Why can’t you remember where you put the thing? You made a special place for it!

ADHD

You’ve got a new or important thing. You don’t have a spot where you keep that thing yet. You decide — this is a good place for the thing, it’s secure. You put it there.

Literally any amount of time later, including the same day:

Where did you put that thing?

Cannot find the thing.

Why does this happen?

I think this is caused by performing an action at the same time as trying to remember something important in our short term memory but with no mnemonic devices*.

Because it’s not a place you normally store similar things, you can’t remember your own reasoning because you were in the middle of an action (the act of putting it away). You’re likely to look in the places you put other things normally.

It’s the same thing that happens when we are walking into another room and we just immediately forget why. The act of walking and trying to get there takes precedent. We got stuck on the ‘walk’ tab of our brain.

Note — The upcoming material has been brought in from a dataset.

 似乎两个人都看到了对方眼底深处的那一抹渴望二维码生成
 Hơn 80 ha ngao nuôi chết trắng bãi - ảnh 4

The act of putting it in that place and not writing it down somewhere basically short circuits you remembering. I test this all the time, as I reorder a glue gun for the 4th time because I cannot find mine. I really need to do inventory.

*I like singing little songs to try to remember things in the middle of a task. It doesn’t work as well for ‘places’ I put things, but it helps when I’m walking to the kitchen singing about how I want iced tea, I’m likely to remember why I walked in there.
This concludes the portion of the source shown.